I have no figures on just the IT firms. But the IT firms are embedded within the broader economic environment that makes the sources of growth a concerted effort of policy makers. The literature seems to highlight the following points about the sources of growth.
1. Dismantling of domestic regulation in the 1980s.
2. Movement from import-substitution to export competitiveness policies, which finance imports through exports gains.
3. Maintaining expenditure on human capital—health, education, and rural developments.
4. Policies targeting economic growth and the reduction of poverty, emphasizing employment over capital formation that dominated the older planning models.
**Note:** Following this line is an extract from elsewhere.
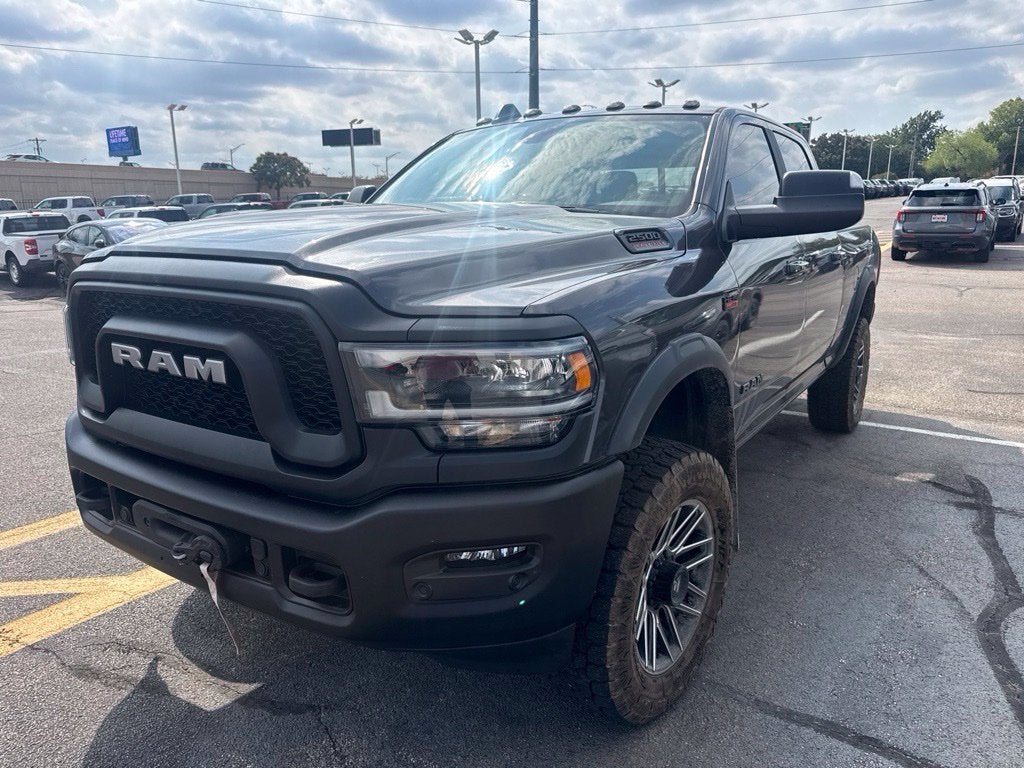 2022 RAM 2500 Power Wagon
5. Financial liberation that has allowed corporations to raise capital from abroad. According to A. Singh 1995 technical paper no. 2 of the World Bank, the average Indian corporation raised approximately 60 or their long-term capital externally. I attach the figures below.
There are many sectors contributed to the economic growth of Indian Economy. IT is of course, one of the main sectors with annual revenue of over USD 200b (NASSCOM, 2012). Other sectors like manufacturing, agriculture, telecomm, healthcare, iron and steel, and infrastructure sectors are also equal contributors to the economic growth of the country.
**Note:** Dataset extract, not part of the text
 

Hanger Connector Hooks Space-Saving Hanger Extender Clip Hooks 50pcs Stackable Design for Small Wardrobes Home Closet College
It depends on what we understand under 'ecomomic growth' and what indicators we take into consideration. Economists are more likely to operate with the second order derivatives - i.e. pace of changes of a particular phenomena rather than focusing on absolute numbers. Above these we need also to contextualise our analysis, say - compare with a number of somewhat 'similar' cases. Taking all these into account, if you compare the pace of GDPpc growth in India and China you will see that in India the rate of GDPpc growth has been slightly increased between 1980/1990 and 2000/2011, while in China it has been remarkably increased - from 1.2 times in 1980/1990 to around 2.6 in 2000/2011. In absolute terms, in 1980 Inidia's GDPpc was almost 1.7 bigger than China's, but by 2011 GDPpc in China exceeded the one in India 2.3 times. The share of urban population in China increased more than twice - from 20.6% in 1982 to 52.6%, in 2012, while in India - only from 23.1% to 31.6%. By this, we'd better studying the factors that bring the development and economic growth in India down. And there is a number of papers that target this issue. One of the convensional reason is that India failed land reforms - and, unfortunately, this failure is hardly compensated by the governmental human capital investments.